Dengan pin ini, Anda turut menyumbang biaya konservasi alam Raja Ampat. Pin ini berlaku selama setahun dan Anda bebas memasuki wilayah tersebut dalam waktu yang ditentukan.
Selama perjalanan menuju Wayag, variasi deburan ombak dirasa jadi tantangan terbesar. Diawali dengan ombak tenang, memudahkan pengambilan gambar hamparan alam Papua. Di sini terlihat sekali kekayaan Raja Ampat, yang menurut Atlas of Indonesia from Space yang dikeluarkan Bakorsurtanal tahun 2006, terdiri atas 44 pulau. Dengan total luas kurang lebih 43 ribu kilometer persegi.
Sesekali kami berpapasan dengan permukiman warga yang mendiami pesisir Raja Ampat. Mereka merupakan bagian dari 60.383 jiwa yang tersebar di 117 kampung dan 24 distrik setempat.
Namun, mendekati lokasi, ombak mulai mengganas dan menggoncang kami yang berkunjung di awal Oktober 2012. Menurut Adebu -nahkoda kami-, ombak tersebut masihlah teduh. "Kalau ombak besar, air sudah tabrak itu kaca di depan," ujarnya yang membuat kami termangu.
Sesampainya di Wayag, kami semua lupa akan rasa mual dan lelah selama perjalanan. Kisah itu benar adanya: kecantikan Wayag mutlak! Kami dibawa berkeliling, melewati satu per satu rencengan karst yang seolah ditempatkan secara teratur oleh Yang Maha Kuasa.

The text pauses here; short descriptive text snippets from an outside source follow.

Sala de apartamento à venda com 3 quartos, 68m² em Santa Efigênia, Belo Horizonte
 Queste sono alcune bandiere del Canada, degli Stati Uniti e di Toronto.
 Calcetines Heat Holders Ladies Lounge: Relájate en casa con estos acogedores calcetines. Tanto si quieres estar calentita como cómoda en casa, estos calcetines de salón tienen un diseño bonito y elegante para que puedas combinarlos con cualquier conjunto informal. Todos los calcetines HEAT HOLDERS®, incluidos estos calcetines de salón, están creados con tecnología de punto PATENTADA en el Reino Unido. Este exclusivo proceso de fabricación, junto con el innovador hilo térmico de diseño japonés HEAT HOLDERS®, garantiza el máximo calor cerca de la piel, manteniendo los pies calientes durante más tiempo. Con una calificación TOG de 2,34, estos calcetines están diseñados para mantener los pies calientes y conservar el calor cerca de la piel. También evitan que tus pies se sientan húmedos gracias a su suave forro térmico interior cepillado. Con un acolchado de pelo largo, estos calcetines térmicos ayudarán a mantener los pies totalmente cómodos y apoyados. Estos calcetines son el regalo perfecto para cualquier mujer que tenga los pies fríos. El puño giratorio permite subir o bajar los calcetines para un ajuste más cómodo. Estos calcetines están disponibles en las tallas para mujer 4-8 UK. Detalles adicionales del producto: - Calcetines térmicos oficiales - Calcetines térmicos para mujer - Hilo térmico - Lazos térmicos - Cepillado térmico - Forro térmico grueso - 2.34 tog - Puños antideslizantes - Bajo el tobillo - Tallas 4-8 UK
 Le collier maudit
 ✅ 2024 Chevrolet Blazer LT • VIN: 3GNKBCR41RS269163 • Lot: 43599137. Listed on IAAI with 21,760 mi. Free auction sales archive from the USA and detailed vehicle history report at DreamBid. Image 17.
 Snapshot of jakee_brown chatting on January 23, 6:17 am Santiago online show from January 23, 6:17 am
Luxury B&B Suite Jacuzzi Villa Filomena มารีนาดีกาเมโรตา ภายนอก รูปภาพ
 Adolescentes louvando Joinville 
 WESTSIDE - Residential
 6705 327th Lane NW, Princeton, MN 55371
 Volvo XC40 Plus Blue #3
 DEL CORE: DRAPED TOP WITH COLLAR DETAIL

Hingga akhirnya kami berhenti di salah satu karst yang disebut sebagai Kris Point. Dari atas speed boat, kami berjingkat lalu memanjat karst tajam selama sepuluh menit. Setibanya di puncak karst, "Selamat datang di jantung Papua," ujar Abraham Gaman, petugas Conservation Internasional (CI) Indonesia yang mendampingi kami.
Ya, kami seperti dikomando mengatakan hal sama,"Wow!". Untaian karst, beralas air biru bening, dan dipadu dengan langit indah, adalah lanskap yang menyeruak di mata. Kami tak menolak dengan ungkapan "jantung Papua." Karena Wayag memang mendebarkan jantung siapa pun yang memandangnya.